How Do Busy Leaders Find Time for Social Media?

On Wednesday, I made a presentation at Catalyst West on the subject of “Platform: What It Is, Why You Need It, and How to Build It.” When I finished, I opened my presentation for Q&A. Finally, after about 20 minutes of lively discussion, I indicated that we had time for one more question. Someone asked, “How does a busy CEO—someone like you—find time for social media?”

A Very Busy Man Attempting to Multi-Task To Get It All Done - Photo courtesy of ©iStockphoto.com/tzara, Image #250015

Photo courtesy of ©iStockphoto.com/tzara

Great question. Frankly, I get this a lot.

On Tuesday, I spoke to a group of CEOs at the Christian Leadership Alliance on “Social Media and Your Ministry.” Different audience, similar presentation. However, because it was an audience of CEOs, the question about finding time was the first question out of the gate.

It is an important question. Why? Because increasingly CEOs, pastors, and other leaders are being asked by their staff, constituents, and even boards about their “social media involvement.” Most leaders I have spoken with, still don’t see the value or, if they do, know how to work it into their workflow. They already feel overwhelmed with their current responsibilities; they aren’t looking for one more thing to do.

Here’s how I answered the question on both days.

First of all, if you see engaging in social media as simply one more thing you must add to an already overwhelming list of responsibilities, it won’t happen. Blogging, Twitter, or Facebook, can’t simply be another add-on activity. You and I both know that you don’t have time for one more thing. (In fact, if you are honest, you are struggling to keep up with what you have on your plate now.)

Instead, you have to see the use of social media as an integral part of your job. It has to be a tool that enables you to accomplish your work—your real work—more effectively and more efficiently. But what is your real work as a leader?

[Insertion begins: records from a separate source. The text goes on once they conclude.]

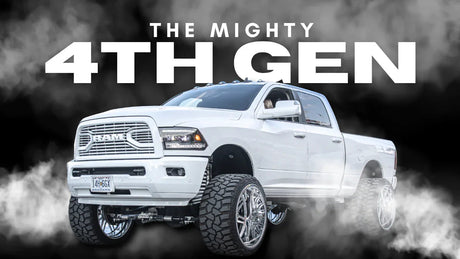 Lifted white 4th gen RAM truck with large off-road tires and smoky background
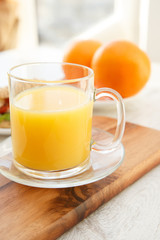 Cutting board with oranges and a cup of juice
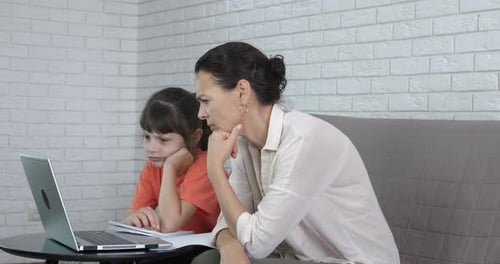 Woman and Child Typing on a Laptop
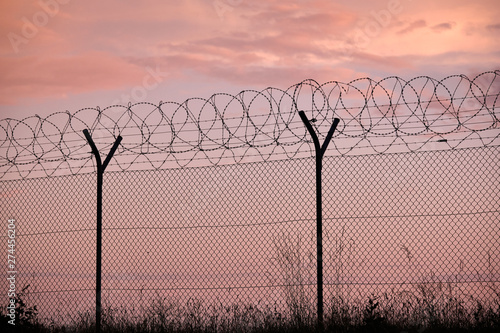 Section of a chainlink fence with razor wire and grass in front of a sunset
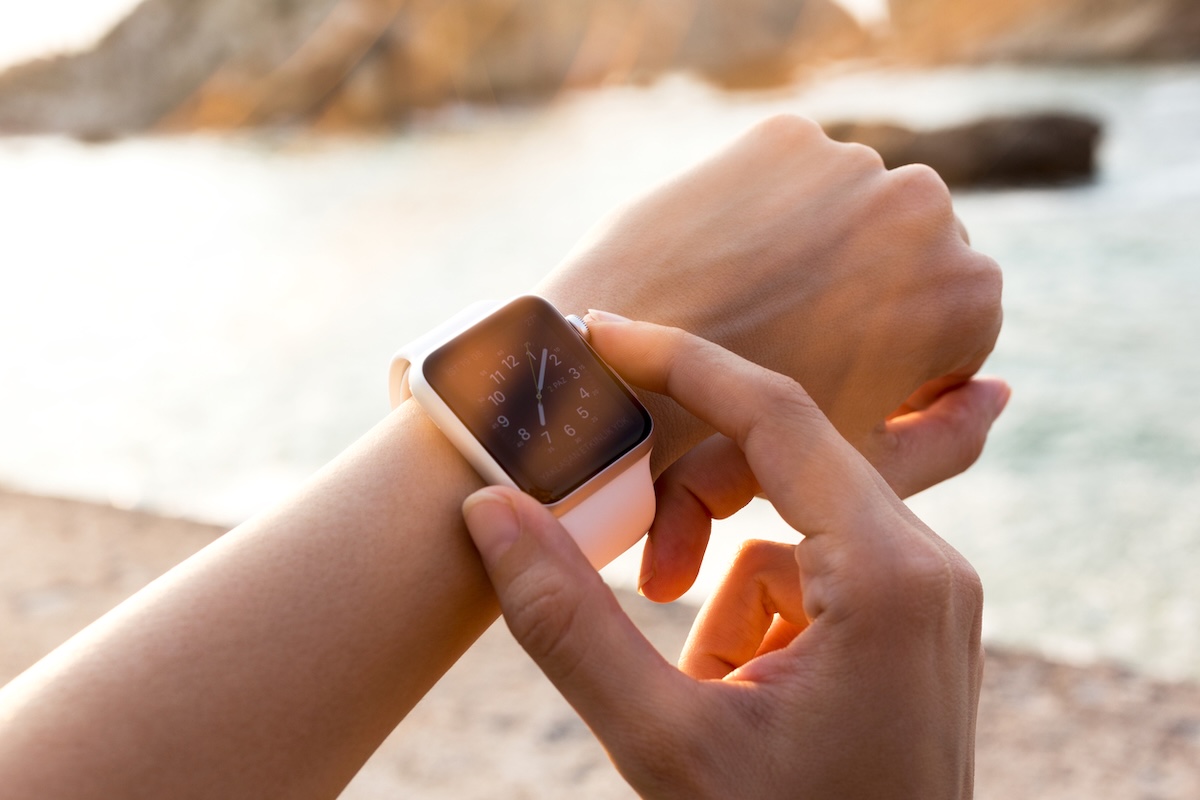 closeup of a female hand adjusting a pink apple watch outside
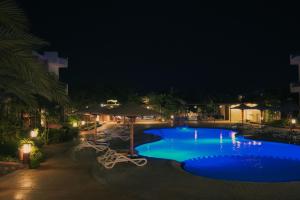 a swimming pool at night with blue water at Sheikh Ali Dahab Resort in Dahab +29 photos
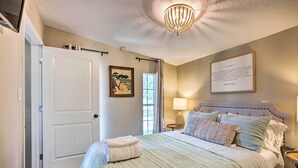 A bedroom with a bed, a bedside table with a lamp, a framed quote on the wall, and a door. - Rooftop Deck + Lake Cabin w/ Swim-Dock (Willis)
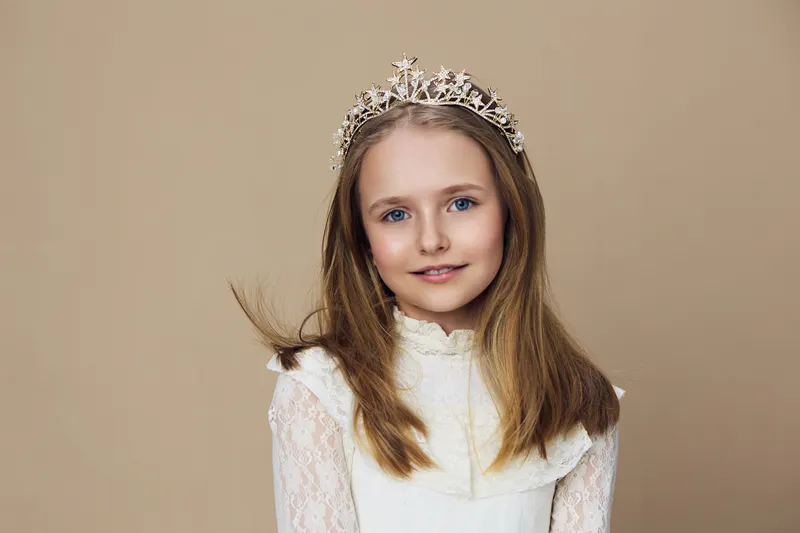 Young girl with a crown in a light dress against a neutral background, exuding joy and innocence, perfect for children s portraiture and princess themed projects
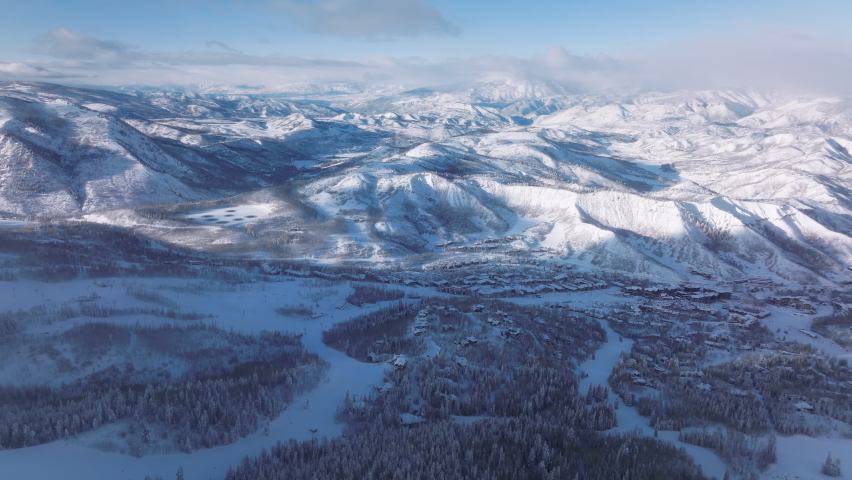 Aerial forward Epic winter snow-covered mountains surrounding Snowmass village ski resort, Colorado abstract natural landscape. Ski slopes on mountain terrain. Cinematic sunny winter day background | Shutterstock HD Video #1092963427
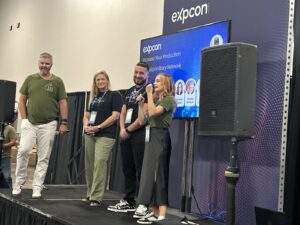 People talking on stage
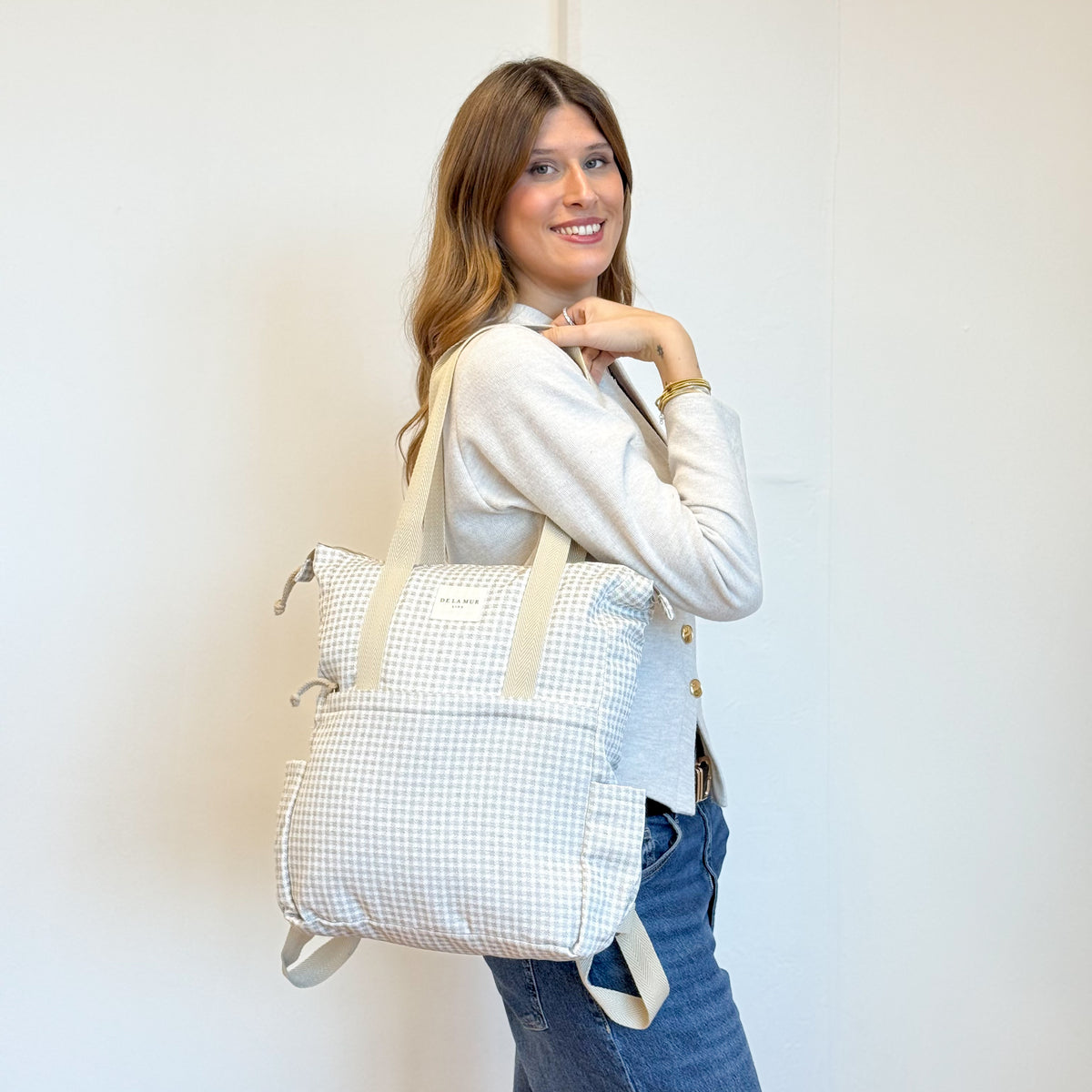 Model with the DE LA MUR Gingham Jacquard Backpack - Shoulder Bag – Beige & Ecru (Vison)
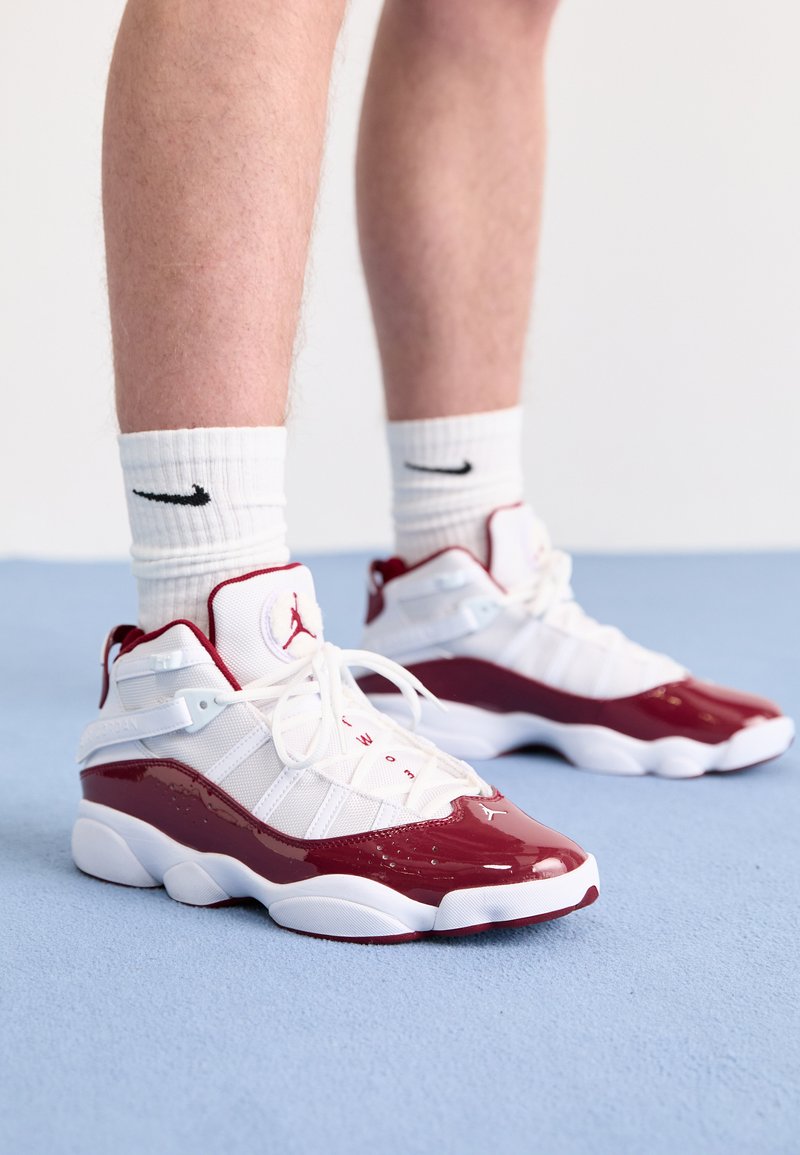 Baskets de sport blanches et bordeaux avec des accents en cuir verni brillant, des panneaux en mesh et des lacets blancs. Semelles blanches épaisses et structure de soutien pour la cheville.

It probably includes a dozen things. It will be a little different for everyone. But here are five that probably should be on every leader’s list:

  1. Raise your organization’s visibility. You can do this the expensive way by employing traditional, interruption-based marketing. Unfortunately, fewer and fewer people are paying attention. They are very selective about who they give permission to speak into their lives. This is why the use of social media is so effective. The only people listening are people who choose to follow you and become part of your tribe.
  2. Articulate your organization’s vision. As a leader, you can’t do this too much. Vision is to your organization what blood is to your body: it gives it life. The problem is that it is difficult to be constantly articulating the vision to everyone. Besides, it’s not just your own people that need to know it. Your constituents need to understand it as well. Social media, particularly blogging, provides a perfect delivery vehicle for this.
  3. Network with people who can help you. One of reasons you are probably in your position is that over the years you have acquired a network of invaluable contacts. This is one of the secrets of your success—you’ve been able to tap into this network when you need to accomplish more than you could do on your own. Social media take this to next level. I have dozens and dozens of people that I now know, work with, and count on that I first met via social media. My network is larger and richer than ever.
  4. Be alert to what your constituents are saying. Again, you can do this the expensive way by employing traditional market research. I still think there is a place for that. But there is nothing like understanding first-hand what your customers and constituents are saying. HootSuite, Google Alerts, and other tools give you that opportunity for free—in real-time. Like it or not, there is a conversation happening right now about you, your brand, and our company online. Social media provide an opportunity for you to participate in that conversation, learn from it, and even influence it.
  5. Mentor the next generation of leaders. This is why I originally started blogging. I found that I kept dispensing the same stories and advice over and over again. Blogging gives me the opportunity to curate my best ideas, archive them, and share them with those I am charged with leading. Twitter is similar. I use it to direct my followers to links and other resources I believe they will find helpful. Best of all, these tools have extended my leadership and my circle of influence.

So, how do you find time for social media in your already busy life? By beginning to see them as tools that help you achieve your objectives as a leader. If you grasp the potential and connect it with your vision, making time for social media will be much easier.

Question: How do you find time for social media? What does your typical social media day look like?